Ali Kéita (président du bureau de création de l’interprofession): “Nous allons défendre le karité à Rome”

10 octobre 2017

Aujourd’hui, grâce aux efforts du bureau de création de l’interprofession du karité en Côte d’Ivoire, la production a considérablement augmenté. Elle est passée de 150.000 tonnes à 300.000 tonnes.
Ali Kéita (président du bureau de création de l’interprofession): “Nous allons défendre le karité à Rome”

Le président du bureau de création de l’interprofession du karité en Côte d’Ivoire, Ali Kéita, prendra part à une réunion organisée par la direction générale de l’Organisation des nations unies pour l’alimentation (Fao), dans le mois de novembre. Cette rencontre permettra de mettre en exergue l’état actuel de la filière en Côte d’Ivoire.

« Nous allons défendre le secteur karité à la Fao », a lancé le président du comité d’organisation de l’interprofession. Il soutient aussi que la rencontre est une opportunité pour la Fao d’avoir plus d’informations sur le karité en Côte d’Ivoire. Et d’évoquer la question des holdings qui veulent s’accaparer la filière et la gérer à leur guise.

Aujourd’hui, grâce aux efforts du bureau de création de l’interprofession du karité en Côte d’Ivoire, la production a considérablement augmenté. Elle est passée de 150.000 tonnes à 300.000 tonnes. Le beurre est vendu à 1500 Fcfa/kg et l’amande est vendu à 250 Fcfa/kg.

Pour le président de ce comité, cette invitation va donner une bonne visibilité à la filière parce que, « tant que nous n’expliquons pas nos différentes spéculations aux internationaux, ils ne comprendront pas ». Et l’un des véritables problèmes de ce secteur est la certification. Ce qui va dissuader les acheteurs clandestins de la production locale à être dans les normes et se conformer au prix qui sera fixé par l’État de Côte d’Ivoire.
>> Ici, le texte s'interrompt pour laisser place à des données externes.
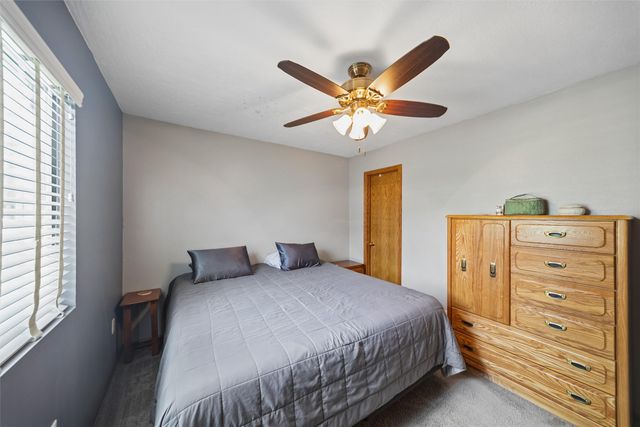 304 W 18th Place, Indianola, IA 50125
60 à 70% du karité rentrent dans la production de la cosmétique, 20% dans la chocolaterie et 10% dans les produits pharmaceutiques. Pour ce faire, déduit M. Kéita, « la Côte d’Ivoire a intérêt à accompagner le secteur avec une véritable politique agricole ». Il reconnaît néanmoins que beaucoup d’efforts ont été faits par le gouvernement en seulement trois ans, par le biais du ministre de l’Agriculture et du Développement rural, Mamadou Sangafowa Coulibaly. La preuve, deux unités industrielles de transformation finie du produit, dont les équipements sont déjà disponibles, vont bientôt être installées à Bondoukou et Bouna.